About me

This website is intended to showcase a number of keyboard instruments which I have built. I discovered when I was very young what I wanted to become: an organ builder! But becoming an organ builder is not a choice you make lightly... A broad education as a furniture maker is a good starting point, but even then, there is still a lot to learn. I am especially interested in smaller organs, and my studies reflected this. Organ building treatises such as “ Het Nederlandse Huisorgel” van Gierveld and “Der Nurenberger Orgelbau des 17. Jahrhunderts” where invaluable.

An organ builder’s education is never complete. The best teacher is history itself. By this I mean that organ builders who worked in historical eras had far more knowledge than is common today. This knowledge was then passed onto their pupils. The industrial revolution resulted in the loss of much specialist knowledge. As a result, the art of being an organ builder today can only properly be learned by careful study of pipes, for example, and through measuring historic bellows, trunking, windchests, keyboards, organ cases etc. Before you can call yourself an organ builder you must have years of experience of working with the material, and you must have made a number of instrument entirely yourself!
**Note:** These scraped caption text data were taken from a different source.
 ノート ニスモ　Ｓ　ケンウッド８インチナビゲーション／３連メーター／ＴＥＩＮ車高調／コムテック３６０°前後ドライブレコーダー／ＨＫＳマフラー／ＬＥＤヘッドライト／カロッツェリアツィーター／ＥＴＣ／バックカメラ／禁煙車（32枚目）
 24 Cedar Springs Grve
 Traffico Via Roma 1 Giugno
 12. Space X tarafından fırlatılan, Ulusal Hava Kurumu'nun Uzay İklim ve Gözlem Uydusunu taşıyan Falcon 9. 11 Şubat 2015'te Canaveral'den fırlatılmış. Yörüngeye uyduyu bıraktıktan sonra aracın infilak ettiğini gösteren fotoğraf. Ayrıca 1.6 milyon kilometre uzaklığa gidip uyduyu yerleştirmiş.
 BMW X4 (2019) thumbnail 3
    In addition, the following are essential study tools:
  • The reading and studying of books.
  • The careful study of how other organ and instrument builders carry out their art, and also how it was done in historical times. This is how I learned the art of wood carving, for example.
  • It is also important to listen to the sound of good organs and other instruments. What is beautiful and why?
  • Last but not least: try it for yourself!

The instruments, and their wood carvings were entirely constructed by myself. Wood carving is a separate discipline which also requires careful study of historic examples. There are study courses in The Netherlands which focus on woodworking, but none that I am aware of which focus on wood carving. I am, as a consequence, an autodidactic wood carver. One of the best ways to practise is to use clay, in other words you make a test ‘mold’. This is a practise method commonly used by professional wood carvers.

As time went on, my interest in house organs and smaller church organs grew. Later I also became interested in the construction of baroque ‘stringed’ keyboard instruments, as a result of which I have built a number of spinets, clavichords and a virginal.